### Exercise details
When the line containing "Let's look at" appears in the entries below, begin printing there and stop after the line containing "AI isn't just"; print each of those lines exactly and no other line.

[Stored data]
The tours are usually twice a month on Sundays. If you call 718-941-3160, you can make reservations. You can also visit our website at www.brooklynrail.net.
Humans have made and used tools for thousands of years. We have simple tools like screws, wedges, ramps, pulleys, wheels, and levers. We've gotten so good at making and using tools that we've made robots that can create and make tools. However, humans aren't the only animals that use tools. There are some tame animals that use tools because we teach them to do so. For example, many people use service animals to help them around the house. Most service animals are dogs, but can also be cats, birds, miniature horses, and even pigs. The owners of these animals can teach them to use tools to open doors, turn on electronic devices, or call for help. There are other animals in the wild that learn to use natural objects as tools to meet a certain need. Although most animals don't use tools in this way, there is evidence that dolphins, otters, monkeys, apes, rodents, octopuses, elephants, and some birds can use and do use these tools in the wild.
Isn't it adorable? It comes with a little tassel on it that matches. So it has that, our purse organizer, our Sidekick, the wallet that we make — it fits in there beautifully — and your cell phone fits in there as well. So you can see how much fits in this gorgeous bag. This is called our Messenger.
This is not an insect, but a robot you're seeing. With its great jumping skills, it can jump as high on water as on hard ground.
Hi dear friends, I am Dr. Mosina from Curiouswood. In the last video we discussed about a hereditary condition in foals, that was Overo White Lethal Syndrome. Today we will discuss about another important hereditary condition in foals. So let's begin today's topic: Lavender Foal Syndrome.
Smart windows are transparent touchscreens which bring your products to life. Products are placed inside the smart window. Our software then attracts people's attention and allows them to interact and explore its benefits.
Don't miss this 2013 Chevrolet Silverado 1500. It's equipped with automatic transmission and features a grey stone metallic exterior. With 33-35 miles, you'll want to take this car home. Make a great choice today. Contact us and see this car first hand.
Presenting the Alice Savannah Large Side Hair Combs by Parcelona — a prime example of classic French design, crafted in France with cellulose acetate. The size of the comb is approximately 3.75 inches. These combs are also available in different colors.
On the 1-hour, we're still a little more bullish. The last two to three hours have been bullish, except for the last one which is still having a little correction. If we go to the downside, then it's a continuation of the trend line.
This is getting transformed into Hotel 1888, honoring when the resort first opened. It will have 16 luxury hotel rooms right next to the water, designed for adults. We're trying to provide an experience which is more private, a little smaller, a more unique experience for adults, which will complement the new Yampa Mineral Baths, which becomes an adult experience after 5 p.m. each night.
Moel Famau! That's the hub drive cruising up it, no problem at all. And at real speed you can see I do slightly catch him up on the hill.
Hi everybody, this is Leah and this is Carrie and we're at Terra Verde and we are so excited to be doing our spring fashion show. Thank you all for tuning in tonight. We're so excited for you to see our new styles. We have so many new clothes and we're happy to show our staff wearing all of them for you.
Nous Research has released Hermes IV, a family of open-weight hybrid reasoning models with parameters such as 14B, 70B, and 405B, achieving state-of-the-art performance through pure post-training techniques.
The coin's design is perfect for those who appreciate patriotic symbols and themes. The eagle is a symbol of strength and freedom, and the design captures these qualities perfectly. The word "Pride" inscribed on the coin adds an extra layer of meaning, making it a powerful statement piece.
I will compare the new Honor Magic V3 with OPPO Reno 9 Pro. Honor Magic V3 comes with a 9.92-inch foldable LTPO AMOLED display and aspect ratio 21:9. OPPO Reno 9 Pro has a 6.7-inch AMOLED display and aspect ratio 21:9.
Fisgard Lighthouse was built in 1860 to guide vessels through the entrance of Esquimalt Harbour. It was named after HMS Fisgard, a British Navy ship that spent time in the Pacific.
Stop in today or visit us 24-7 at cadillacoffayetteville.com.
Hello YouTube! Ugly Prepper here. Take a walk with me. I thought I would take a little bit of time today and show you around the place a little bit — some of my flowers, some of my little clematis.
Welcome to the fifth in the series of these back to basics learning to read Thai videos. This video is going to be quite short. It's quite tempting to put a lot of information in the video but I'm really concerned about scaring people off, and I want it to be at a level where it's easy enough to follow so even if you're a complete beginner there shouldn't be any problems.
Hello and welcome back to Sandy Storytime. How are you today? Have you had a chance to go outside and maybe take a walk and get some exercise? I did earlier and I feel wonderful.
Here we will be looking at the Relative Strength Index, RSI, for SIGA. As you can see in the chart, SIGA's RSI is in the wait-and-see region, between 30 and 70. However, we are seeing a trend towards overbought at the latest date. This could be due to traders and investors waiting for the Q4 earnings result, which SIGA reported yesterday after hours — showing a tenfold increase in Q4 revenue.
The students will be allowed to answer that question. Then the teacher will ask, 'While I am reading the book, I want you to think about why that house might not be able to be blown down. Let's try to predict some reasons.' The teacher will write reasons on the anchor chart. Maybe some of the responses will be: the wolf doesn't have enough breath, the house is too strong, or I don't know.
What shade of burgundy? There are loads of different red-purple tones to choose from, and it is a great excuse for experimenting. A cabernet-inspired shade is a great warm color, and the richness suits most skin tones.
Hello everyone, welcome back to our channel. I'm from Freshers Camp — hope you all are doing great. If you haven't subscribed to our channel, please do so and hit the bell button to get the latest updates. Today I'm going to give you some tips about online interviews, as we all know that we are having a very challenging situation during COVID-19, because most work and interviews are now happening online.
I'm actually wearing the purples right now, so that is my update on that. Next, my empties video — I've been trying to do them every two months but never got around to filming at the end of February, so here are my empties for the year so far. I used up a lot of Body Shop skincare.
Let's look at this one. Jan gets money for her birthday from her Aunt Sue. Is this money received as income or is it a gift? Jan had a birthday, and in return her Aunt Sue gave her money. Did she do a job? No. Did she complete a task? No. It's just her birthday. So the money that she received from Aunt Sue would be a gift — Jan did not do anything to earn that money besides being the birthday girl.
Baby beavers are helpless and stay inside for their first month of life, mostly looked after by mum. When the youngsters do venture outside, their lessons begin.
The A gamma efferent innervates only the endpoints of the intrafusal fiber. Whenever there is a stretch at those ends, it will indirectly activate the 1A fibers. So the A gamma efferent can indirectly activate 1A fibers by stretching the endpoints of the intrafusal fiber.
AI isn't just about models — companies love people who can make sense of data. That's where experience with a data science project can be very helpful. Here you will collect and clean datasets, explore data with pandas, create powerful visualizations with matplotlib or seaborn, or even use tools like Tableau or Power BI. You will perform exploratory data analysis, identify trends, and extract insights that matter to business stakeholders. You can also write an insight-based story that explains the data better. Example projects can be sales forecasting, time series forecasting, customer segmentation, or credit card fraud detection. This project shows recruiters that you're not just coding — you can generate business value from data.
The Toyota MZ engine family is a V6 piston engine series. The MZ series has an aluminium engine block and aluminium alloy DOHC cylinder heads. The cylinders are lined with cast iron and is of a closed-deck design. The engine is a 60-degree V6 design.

### Task solution
Let's look at this one. Jan gets money for her birthday from her Aunt Sue. Is this money received as income or is it a gift? Jan had a birthday, and in return her Aunt Sue gave her money. Did she do a job? No. Did she complete a task? No. It's just her birthday. So the money that she received from Aunt Sue would be a gift — Jan did not do anything to earn that money besides being the birthday girl.
Baby beavers are helpless and stay inside for their first month of life, mostly looked after by mum. When the youngsters do venture outside, their lessons begin.
The A gamma efferent innervates only the endpoints of the intrafusal fiber. Whenever there is a stretch at those ends, it will indirectly activate the 1A fibers. So the A gamma efferent can indirectly activate 1A fibers by stretching the endpoints of the intrafusal fiber.
AI isn't just about models — companies love people who can make sense of data. That's where experience with a data science project can be very helpful. Here you will collect and clean datasets, explore data with pandas, create powerful visualizations with matplotlib or seaborn, or even use tools like Tableau or Power BI. You will perform exploratory data analysis, identify trends, and extract insights that matter to business stakeholders. You can also write an insight-based story that explains the data better. Example projects can be sales forecasting, time series forecasting, customer segmentation, or credit card fraud detection. This project shows recruiters that you're not just coding — you can generate business value from data.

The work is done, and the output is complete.